Cependant, comme Johnson, le comédien s’est finalement ravisé : « Je suis terriblement fier de ce film », dira-t-il deux ans plus tard, interrogé par les journalistes de la Marvel. « Je crois qu’avec le temps ce film original deviendra un classique, je le crois vraiment. Quand j’ai lu le script, j’ai réalisé que j’avais l’opportunité de faire une série dans le genre des ‘creature movies’ des années quarante qui mettaient en scène Frankenstein, le Loup-Garou, Jekyll et Hyde. Mais tous ces personnages incarnaient le mal, ce qui n’était pas le cas de Hulk. Il est la personnification de la colère. La colère faite homme. La puissance. »

Un monstre à taille humaine

Dès le départ, ce qui intéresse Bixby, comme d’ailleurs Johnson, c’est cette dimension humaine du personnage. « D’accord, Hulk est un grand monstre vert », dira Johnson, « mais il n’est qu’une exagération d’un être humain normal. » Ce qui le fait surgir au détour d’un accès de colère de son alter ego, ce ne sont pas forcément des situations qui n’arrivent que rarement dans la réalité, ou en tout cas rarement à la même personne, comme des agressions ou des incendies de forêt : ce sont souvent, au contraire, des prétextes anodins dans lesquels tout un chacun peut se reconnaître. Une employée du téléphone particulièrement bornée, un embouteillage, une voiture qui ne veut pas démarrer, un pneu à changer...

C’est tout cela qui, en l’espace d’un instant, fait basculer David Banner dans la colère et surgir sa moitié primale, son double négatif, qui disparaît à son tour dès que la rage qui l’anime s’est apaisée. « Hulk est la bête qui sommeille en chacun de nous », explicite le producteur, également scénariste et réalisateur du premier épisode et de quelques-uns des segments les plus représentatifs de la série. Une bête qui peut prendre des formes multiples. « Chez certains ce sera la boisson ou la drogue, ou quoi que ce soit qu’ils s’efforcent de contrôler.

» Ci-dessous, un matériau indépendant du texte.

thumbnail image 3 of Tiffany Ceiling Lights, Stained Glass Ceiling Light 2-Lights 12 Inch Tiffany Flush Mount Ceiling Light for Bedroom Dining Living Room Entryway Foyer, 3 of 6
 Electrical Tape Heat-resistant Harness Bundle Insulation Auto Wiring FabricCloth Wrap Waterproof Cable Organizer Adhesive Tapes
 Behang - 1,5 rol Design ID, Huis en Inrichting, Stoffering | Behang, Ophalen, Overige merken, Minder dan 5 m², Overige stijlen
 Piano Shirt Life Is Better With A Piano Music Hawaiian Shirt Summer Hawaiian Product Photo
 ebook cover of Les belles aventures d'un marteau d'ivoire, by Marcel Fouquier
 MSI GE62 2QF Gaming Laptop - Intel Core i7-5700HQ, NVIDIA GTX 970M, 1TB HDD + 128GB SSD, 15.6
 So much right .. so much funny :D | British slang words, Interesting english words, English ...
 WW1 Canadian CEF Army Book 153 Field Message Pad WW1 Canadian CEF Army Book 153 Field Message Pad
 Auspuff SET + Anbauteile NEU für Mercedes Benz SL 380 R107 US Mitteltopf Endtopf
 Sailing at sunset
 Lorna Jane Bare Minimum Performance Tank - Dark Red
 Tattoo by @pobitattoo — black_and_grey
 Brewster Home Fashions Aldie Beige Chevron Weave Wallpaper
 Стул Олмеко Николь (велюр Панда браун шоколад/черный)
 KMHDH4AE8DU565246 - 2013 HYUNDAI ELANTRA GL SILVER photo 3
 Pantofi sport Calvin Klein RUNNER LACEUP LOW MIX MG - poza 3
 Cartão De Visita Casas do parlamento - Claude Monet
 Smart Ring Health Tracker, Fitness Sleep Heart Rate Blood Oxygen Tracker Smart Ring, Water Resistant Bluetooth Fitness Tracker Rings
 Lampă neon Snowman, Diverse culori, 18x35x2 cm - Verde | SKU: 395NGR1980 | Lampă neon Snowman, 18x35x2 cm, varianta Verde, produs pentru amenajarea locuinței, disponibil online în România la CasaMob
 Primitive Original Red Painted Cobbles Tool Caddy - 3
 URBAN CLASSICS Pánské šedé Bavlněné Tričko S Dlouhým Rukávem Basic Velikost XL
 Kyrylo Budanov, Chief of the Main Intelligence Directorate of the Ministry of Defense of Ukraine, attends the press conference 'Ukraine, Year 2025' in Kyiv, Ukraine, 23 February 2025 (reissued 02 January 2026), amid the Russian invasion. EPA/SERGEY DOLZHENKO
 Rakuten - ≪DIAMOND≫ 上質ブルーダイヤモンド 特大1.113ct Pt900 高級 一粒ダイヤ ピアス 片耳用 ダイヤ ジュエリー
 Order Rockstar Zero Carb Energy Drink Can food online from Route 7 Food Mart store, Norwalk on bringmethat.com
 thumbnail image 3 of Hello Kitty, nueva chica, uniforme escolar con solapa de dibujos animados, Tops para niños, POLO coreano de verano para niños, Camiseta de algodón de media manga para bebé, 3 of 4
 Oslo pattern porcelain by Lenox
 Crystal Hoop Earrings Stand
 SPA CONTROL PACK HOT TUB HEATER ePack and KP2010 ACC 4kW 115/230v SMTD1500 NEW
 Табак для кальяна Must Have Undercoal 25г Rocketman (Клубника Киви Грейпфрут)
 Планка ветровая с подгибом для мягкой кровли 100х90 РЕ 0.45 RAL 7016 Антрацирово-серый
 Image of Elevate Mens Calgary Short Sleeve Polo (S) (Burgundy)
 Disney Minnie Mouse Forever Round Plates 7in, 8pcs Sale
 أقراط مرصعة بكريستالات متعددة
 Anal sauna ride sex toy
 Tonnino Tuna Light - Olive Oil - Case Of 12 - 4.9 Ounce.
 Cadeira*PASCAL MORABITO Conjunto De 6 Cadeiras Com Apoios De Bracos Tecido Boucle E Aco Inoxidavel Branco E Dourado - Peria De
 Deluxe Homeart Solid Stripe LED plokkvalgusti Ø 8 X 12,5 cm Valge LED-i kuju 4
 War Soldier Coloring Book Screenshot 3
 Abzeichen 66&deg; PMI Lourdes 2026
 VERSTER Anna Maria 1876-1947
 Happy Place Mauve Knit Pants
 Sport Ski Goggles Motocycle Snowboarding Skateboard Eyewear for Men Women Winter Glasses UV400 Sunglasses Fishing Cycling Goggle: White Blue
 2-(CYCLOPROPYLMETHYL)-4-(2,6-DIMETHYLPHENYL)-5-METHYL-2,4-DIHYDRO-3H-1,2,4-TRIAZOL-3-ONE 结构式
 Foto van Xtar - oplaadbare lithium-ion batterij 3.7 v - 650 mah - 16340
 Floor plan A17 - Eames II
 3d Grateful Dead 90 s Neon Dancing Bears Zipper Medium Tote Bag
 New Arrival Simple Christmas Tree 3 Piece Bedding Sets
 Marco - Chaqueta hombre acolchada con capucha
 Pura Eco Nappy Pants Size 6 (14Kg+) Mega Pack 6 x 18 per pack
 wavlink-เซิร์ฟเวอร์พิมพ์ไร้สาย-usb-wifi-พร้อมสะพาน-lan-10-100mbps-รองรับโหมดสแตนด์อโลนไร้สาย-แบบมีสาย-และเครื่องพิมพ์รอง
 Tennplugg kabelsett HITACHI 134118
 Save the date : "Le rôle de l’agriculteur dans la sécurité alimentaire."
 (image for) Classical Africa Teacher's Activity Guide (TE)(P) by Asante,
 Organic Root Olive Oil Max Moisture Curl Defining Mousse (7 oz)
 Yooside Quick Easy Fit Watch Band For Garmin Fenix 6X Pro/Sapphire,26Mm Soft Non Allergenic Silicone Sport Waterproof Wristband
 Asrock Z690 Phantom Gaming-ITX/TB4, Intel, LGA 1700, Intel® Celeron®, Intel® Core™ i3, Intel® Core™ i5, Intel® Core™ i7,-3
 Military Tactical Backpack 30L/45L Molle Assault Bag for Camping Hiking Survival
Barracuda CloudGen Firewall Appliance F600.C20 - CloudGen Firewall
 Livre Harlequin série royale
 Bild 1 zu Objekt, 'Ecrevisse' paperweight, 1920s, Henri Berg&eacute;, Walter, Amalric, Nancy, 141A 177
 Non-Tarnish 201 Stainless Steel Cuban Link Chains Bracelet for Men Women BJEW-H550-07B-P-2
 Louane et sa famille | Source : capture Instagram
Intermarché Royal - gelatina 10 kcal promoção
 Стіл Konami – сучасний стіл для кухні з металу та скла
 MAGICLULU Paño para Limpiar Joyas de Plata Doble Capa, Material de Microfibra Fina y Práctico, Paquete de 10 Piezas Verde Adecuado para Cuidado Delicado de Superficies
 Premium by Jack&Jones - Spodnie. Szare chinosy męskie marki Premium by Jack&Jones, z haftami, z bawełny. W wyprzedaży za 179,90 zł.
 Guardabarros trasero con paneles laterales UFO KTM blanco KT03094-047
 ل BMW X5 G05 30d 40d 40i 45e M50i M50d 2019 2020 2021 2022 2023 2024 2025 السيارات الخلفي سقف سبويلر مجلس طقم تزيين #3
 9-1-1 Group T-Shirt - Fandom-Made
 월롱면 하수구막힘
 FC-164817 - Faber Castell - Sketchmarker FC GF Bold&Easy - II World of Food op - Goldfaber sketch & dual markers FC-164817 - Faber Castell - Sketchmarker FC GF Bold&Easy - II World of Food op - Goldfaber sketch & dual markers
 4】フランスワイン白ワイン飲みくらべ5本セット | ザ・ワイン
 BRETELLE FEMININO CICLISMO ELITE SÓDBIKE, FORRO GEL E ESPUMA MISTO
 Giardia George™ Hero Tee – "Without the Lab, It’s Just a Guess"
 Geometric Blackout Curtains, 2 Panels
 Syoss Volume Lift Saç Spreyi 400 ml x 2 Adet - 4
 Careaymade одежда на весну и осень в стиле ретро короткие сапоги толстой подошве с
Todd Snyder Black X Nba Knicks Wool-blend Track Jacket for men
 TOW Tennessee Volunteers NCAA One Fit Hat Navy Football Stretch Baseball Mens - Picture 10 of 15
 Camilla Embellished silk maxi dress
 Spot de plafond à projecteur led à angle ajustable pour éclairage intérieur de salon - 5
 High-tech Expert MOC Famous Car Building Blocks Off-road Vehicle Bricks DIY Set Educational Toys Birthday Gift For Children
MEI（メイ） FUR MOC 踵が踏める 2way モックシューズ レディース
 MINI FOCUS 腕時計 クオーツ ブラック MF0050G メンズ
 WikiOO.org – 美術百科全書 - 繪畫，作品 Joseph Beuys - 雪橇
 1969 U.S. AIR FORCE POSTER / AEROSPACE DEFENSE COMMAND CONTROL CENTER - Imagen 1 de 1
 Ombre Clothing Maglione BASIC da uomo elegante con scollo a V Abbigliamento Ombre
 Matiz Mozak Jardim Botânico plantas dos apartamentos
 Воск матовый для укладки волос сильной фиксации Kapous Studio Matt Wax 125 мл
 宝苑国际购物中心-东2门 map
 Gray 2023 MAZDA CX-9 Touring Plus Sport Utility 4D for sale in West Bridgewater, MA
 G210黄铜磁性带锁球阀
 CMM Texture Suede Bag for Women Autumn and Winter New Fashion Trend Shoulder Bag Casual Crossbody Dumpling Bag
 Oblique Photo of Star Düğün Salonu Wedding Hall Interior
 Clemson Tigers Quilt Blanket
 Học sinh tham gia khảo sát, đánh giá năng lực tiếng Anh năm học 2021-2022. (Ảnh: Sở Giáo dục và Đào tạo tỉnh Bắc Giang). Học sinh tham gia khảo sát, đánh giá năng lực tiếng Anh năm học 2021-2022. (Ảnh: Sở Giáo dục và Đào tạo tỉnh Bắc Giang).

Ce peut être une expérience cathartique pour le public de s’identifier au héros et de se dire - oui, je peux le comprendre parce qu’il y a quelque chose de semblable en moi. »

Une catharsis télévisuelle

L’autre attitude qui peut expliquer l’adhésion du public, c’est de se dire : « Waou, si seulement je pouvais me changer en Hulk de temps en temps et étendre ceux qui me cassent les pieds ! » Hulk devient alors l’expression de ces sentiments contre lesquels chacun se bat au quotidien. Ainsi, il apporte à la fois une revanche et un défouloir. En somme, un mélange classique digne de cette catharsis qu’évoque le producteur et qui le rapproche, mutatis mutandis, du bouc émissaire des sociétés primitives.

Au passage, il réajuste notre vision de nous-mêmes en nous rappelant que ces instincts dits primitifs sont en chacun de nous, qu’ils font partie de nous et doivent être, comme dans la série, maîtrisés pour permettre une vie normale. David Banner a donc valeur d’exemple dans la mesure où il n’encourage pas cette violence mais au contraire cherche à la réprimer, à l’extraire de lui. Loin de n’être qu’une réaction de défense, la colère fait ressortir le caractère tragique de son existence en exacerbant la dualité présente dans chaque homme.